Roy Fisher, The Ship’s Orchestra Ian Pople
Even amid the heterogeneity of Fisher’s poetry, The Ship’s Orchestra first published in 1966, is unusual. The Orchestra occupies fifty-eight pages of prose and was first published in one of Stuart Montgomery’s elegant little Fulcrum hardbacks. Its original cover is a woodcut by David Jones of Noah and his family supervising the building of the ark. The woodcut is in Jones’s signature mixture of delicacy and strong lines; in the top left-hand corner of the woodcut, Noah appears to be having his ear bent by a female figure, perhaps Mrs Noah. A group of people just above Noah and Mrs N. are clearly casting sardonic glances at Noah and toasting, ironically perhaps, the bones of the hull of the Ark below them. In the top of the picture, a pair of stylised cranes flies from right to left.

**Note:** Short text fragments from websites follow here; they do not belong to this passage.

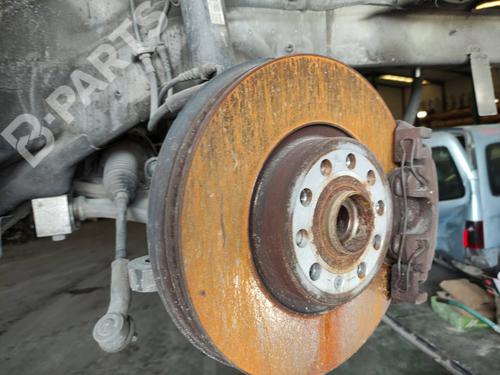 Used Right front steering knuckle Right front steering knuckle VW PASSAT B6 (3C2) 2.0 TDI (110 hp) 10688286 10688286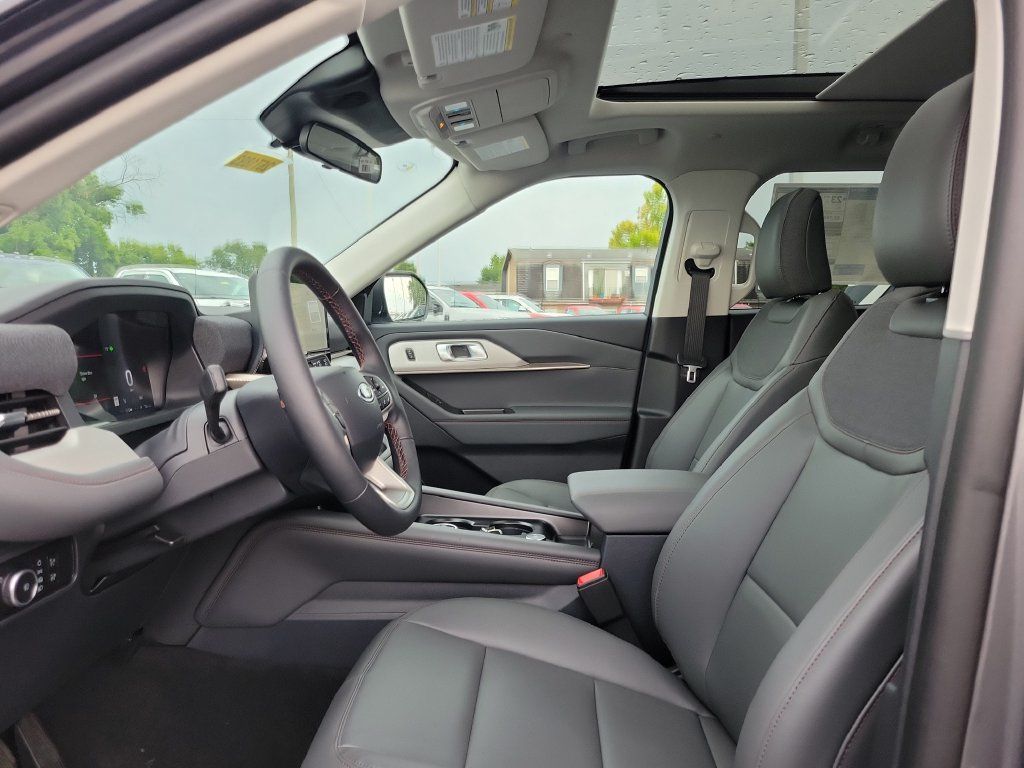 New 2026 Ford Explorer Active w/ Active Comfort Package AWD/4WD image 18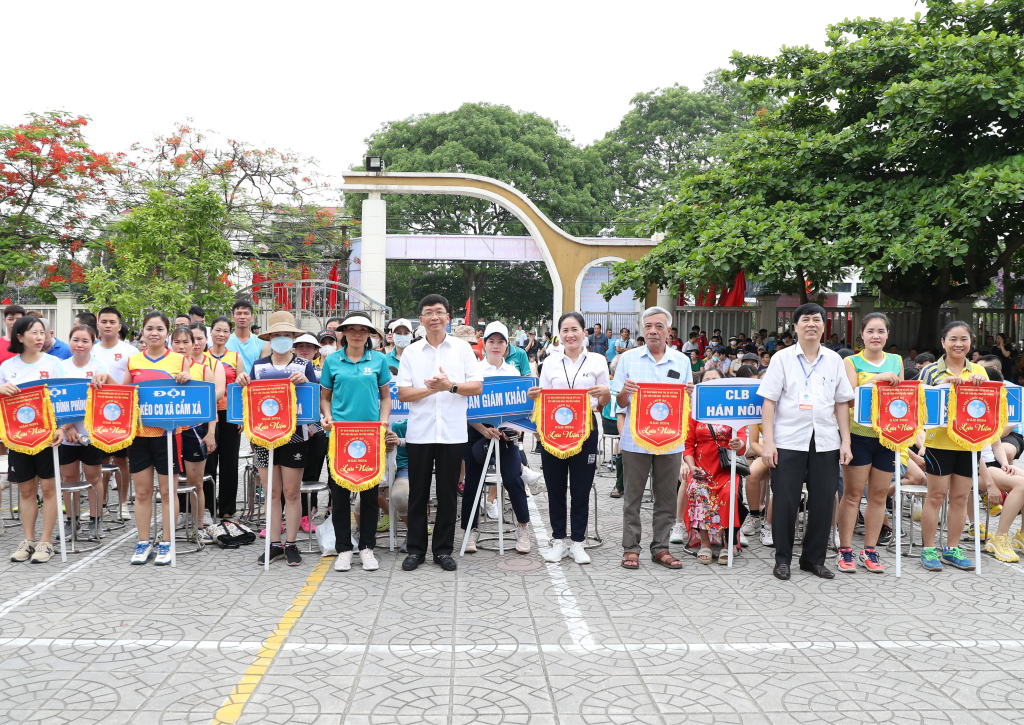 ผู้นำเมืองหมีห่าวมอบธงที่ระลึกแก่หน่วยงานที่เข้าร่วมสมาคมวัฒนธรรมดั้งเดิม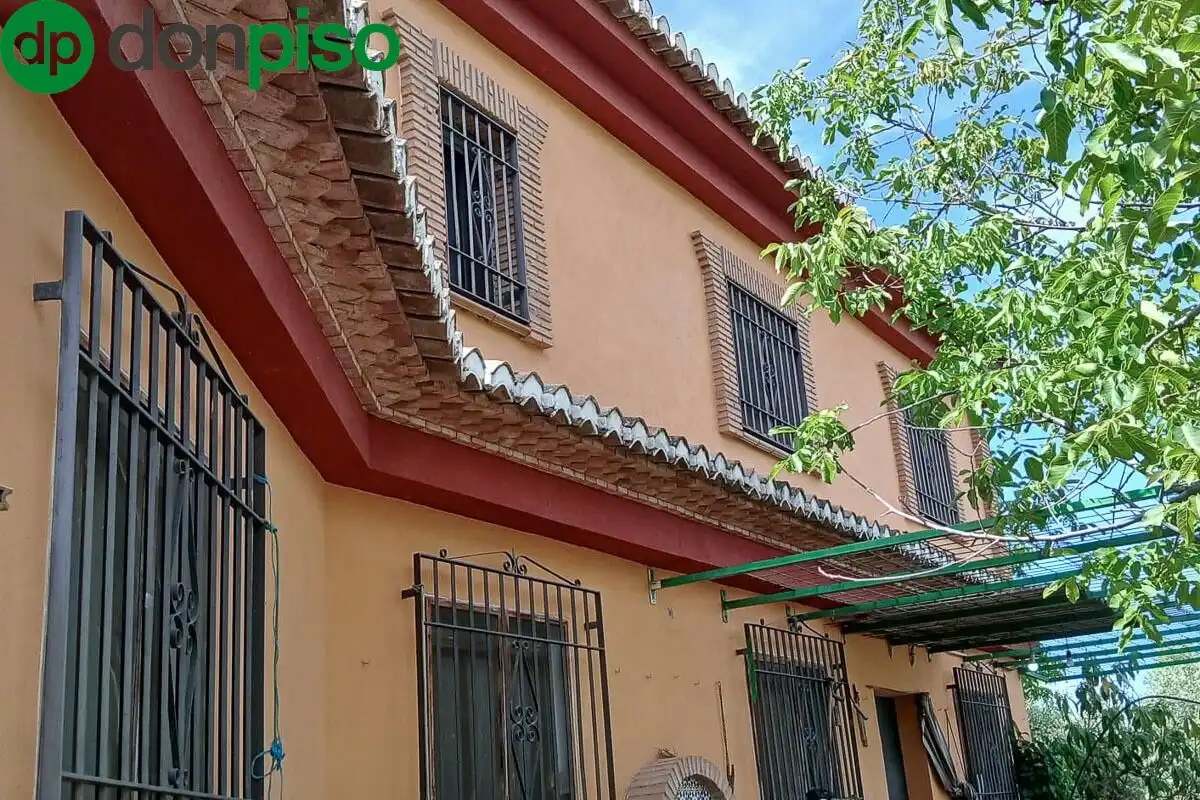 Vista exterior de Finca rústica en venda en Monachil amb Jardí privat i Piscina comunitària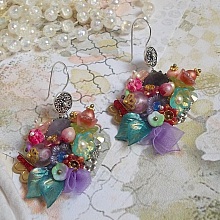 BO Couronne Chic Printanière créées avec des diverses fleurs, perles de Murano,  cristaux, divers accessoires et des crochets d'oreilles en Argent 925/1000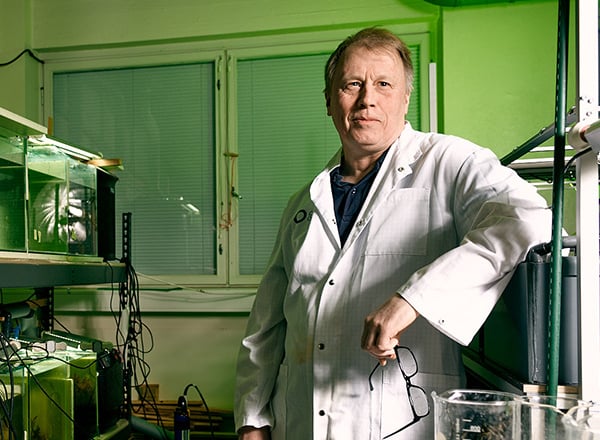 Ari Ruuskanen in his Fucus Vesiculosus  Lab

Yet, that illustration has little or nothing to do with the book-length prose poem between the covers. The narrative of the poem, such as it is, features six characters, who are players in a ship’s orchestra which never actually plays. The orchestra consists of two female players: Joyce, who is the drummer, Amy, the trombonist, and three male players: the unnamed narrator of the piece, who is the piano player, Dougal the bassist, and Merrett, who plays a white, plastic alto saxophone, this latter, perhaps, Fisher’s nod to the avant-garde saxophonist Ornette Coleman. Towards the end, a trumpeter, Henrik, appears from the sick bay.

Fisher has stated that he got the idea for the text from Picasso’s ...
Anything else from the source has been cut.